As of 2015[update], the landline telephones in most residential homes are analogue—that is, the speaker's voice directly determines the signal's voltage.[72] Although short-distance calls may be handled from end-to-end as analogue signals, increasingly telephone service providers are transparently converting the signals to digital signals for transmission. The advantage of this is that digitized voice data can travel side by side with data from the Internet and can be perfectly reproduced in long-distance communication (as opposed to analogue signals that are inevitably impacted by noise).
Mobile phones have had a significant impact on telephone networks. Mobile phone subscriptions now outnumber fixed-line subscriptions in many markets. Sales of mobile phones in 2005 totalled 816.6 million with that figure being almost equally shared amongst the markets of Asia/Pacific (204 m), Western Europe (164 m), CEMEA (Central Europe, the Middle East and Africa) (153.5 m), North America (148 m) and Latin America (102 m).[73] In terms of new subscriptions over the five years from 1999, Africa has outpaced other markets with 58.2% growth.[74] Increasingly these phones are being serviced by systems where the voice content is transmitted digitally such as GSM or W-CDMA with many markets choosing to deprecate analog systems such as AMPS.[75]
There have also been dramatic changes in telephone communication behind the scenes. Starting with the operation of TAT-8 in 1988, the 1990s saw the widespread adoption of systems based on optical fibres. The benefit of communicating with optical fibres is that they offer a drastic increase in data capacity. TAT-8 itself was able to carry 10 times as many telephone calls as the last copper cable laid at that time and today's optical fibre cables are able to carry 25 times as many telephone calls as TAT-8.[76] This increase in data capacity is due to several factors: First, optical fibres are physically much smaller than competing technologies. Second, they do not suffer from crosstalk which means several hundred of them can be easily bundled together in a single cable.[77] Lastly, improvements in multiplexing have led to an exponential growth in the data capacity of a single fibre.[78][79]

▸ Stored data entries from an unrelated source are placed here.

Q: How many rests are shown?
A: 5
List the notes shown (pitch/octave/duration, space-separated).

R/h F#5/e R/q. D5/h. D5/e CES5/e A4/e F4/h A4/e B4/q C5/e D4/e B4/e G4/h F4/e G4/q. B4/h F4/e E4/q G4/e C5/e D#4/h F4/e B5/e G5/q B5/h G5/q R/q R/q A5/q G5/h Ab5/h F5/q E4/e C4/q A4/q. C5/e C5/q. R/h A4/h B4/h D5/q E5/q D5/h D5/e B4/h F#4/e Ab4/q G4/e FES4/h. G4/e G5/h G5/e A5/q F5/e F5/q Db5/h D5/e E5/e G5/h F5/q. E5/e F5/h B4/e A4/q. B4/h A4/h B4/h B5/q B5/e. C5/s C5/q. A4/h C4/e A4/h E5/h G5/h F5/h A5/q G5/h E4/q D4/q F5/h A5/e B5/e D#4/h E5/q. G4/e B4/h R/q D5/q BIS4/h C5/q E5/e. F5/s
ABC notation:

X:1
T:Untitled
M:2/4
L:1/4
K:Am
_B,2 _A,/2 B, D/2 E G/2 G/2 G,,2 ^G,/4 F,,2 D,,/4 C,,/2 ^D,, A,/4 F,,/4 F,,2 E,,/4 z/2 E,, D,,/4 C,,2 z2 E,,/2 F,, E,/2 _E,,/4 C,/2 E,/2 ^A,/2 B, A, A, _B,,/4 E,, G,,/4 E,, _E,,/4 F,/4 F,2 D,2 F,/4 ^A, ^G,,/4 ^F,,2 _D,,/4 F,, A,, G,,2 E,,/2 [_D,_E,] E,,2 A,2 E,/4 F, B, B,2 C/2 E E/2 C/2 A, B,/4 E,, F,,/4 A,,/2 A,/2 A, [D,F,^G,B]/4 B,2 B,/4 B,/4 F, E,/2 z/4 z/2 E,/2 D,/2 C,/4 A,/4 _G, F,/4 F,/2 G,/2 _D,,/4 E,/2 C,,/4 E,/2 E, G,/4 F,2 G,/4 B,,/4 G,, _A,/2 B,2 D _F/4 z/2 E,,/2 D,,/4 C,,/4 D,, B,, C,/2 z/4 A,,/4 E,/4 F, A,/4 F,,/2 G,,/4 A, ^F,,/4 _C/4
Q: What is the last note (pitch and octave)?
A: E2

Assisting communication across many modern optical fibre networks is a protocol known as Asynchronous Transfer Mode (ATM). The ATM protocol allows for the side-by-side data transmission mentioned in the second paragraph. It is suitable for public telephone networks because it establishes a pathway for data through the network and associates a traffic contract with that pathway. The traffic contract is essentially an agreement between the client and the network about how the network is to handle the data; if the network cannot meet the conditions of the traffic contract it does not accept the connection. This is important because telephone calls can negotiate a contract so as to guarantee themselves a constant bit rate, something that will ensure a caller's voice is not delayed in parts or cut off completely.[80] There are competitors to ATM, such as Multiprotocol Label Switching (MPLS), that perform a similar task and are expected to supplant ATM in the future.[81][82]

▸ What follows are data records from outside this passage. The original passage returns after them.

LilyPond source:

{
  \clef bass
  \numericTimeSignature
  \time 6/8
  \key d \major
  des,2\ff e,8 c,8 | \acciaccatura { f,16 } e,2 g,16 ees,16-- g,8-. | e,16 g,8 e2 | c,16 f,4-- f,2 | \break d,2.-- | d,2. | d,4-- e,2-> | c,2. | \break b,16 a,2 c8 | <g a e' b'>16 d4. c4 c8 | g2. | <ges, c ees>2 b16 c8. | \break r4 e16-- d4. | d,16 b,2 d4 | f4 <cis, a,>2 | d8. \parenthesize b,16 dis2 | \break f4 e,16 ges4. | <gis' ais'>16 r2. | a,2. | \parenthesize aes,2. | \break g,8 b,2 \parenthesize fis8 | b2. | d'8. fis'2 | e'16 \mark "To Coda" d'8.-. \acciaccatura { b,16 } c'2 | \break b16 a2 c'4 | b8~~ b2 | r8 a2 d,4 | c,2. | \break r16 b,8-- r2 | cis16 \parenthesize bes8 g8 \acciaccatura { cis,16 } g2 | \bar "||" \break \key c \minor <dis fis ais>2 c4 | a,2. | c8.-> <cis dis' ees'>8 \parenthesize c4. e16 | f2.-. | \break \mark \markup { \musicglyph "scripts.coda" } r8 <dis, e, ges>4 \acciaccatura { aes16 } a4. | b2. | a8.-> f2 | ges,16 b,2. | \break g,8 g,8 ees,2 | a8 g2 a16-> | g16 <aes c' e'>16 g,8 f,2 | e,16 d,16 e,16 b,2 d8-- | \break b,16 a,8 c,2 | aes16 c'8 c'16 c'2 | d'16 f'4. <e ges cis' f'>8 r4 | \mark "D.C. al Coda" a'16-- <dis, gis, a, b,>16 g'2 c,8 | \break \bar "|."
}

In a broadcast system, the central high-powered broadcast tower transmits a high-frequency electromagnetic wave to numerous low-powered receivers. The high-frequency wave sent by the tower is modulated with a signal containing visual or audio information. The receiver is then tuned so as to pick up the high-frequency wave and a demodulator is used to retrieve the signal containing the visual or audio information. The broadcast signal can be either analogue (signal is varied continuously with respect to the information) or digital (information is encoded as a set of discrete values).[41][83]

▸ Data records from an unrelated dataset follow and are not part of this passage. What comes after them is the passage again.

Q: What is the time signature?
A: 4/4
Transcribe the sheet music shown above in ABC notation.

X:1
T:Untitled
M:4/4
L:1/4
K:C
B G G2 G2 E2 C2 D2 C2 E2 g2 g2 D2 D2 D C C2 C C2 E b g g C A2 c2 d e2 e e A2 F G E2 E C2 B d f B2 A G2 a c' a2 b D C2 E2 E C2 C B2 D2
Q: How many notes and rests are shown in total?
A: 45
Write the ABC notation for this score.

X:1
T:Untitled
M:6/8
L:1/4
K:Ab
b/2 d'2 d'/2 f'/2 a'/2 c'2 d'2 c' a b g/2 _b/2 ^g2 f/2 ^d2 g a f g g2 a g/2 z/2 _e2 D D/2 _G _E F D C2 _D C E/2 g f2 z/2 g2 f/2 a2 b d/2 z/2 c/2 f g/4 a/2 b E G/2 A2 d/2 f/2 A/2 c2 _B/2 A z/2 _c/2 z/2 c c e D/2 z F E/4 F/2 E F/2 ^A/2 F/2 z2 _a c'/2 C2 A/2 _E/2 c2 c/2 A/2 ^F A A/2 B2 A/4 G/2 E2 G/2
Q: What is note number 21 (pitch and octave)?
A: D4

The broadcast media industry is at a critical turning point in its development, with many countries moving from analogue to digital broadcasts. This move is made possible by the production of cheaper, faster and more capable integrated circuits. The chief advantage of digital broadcasts is that they prevent a number of complaints common to traditional analogue broadcasts. For television, this includes the elimination of problems such as snowy pictures, ghosting and other distortion. These occur because of the nature of analogue transmission, which means that perturbations due to noise will be evident in the final output. Digital transmission overcomes this problem because digital signals are reduced to discrete values upon reception and hence small perturbations do not affect the final output. In a simplified example, if a binary message 1011 was transmitted with signal amplitudes [1.0 0.0 1.0 1.0] and received with signal amplitudes [0.9 0.2 1.1 0.9] it would still decode to the binary message 1011— a perfect reproduction of what was sent. From this example, a problem with digital transmissions can also be seen in that if the noise is great enough it can significantly alter the decoded message. Using forward error correction a receiver can correct a handful of bit errors in the resulting message but too much noise will lead to incomprehensible output and hence a breakdown of the transmission.[84][85]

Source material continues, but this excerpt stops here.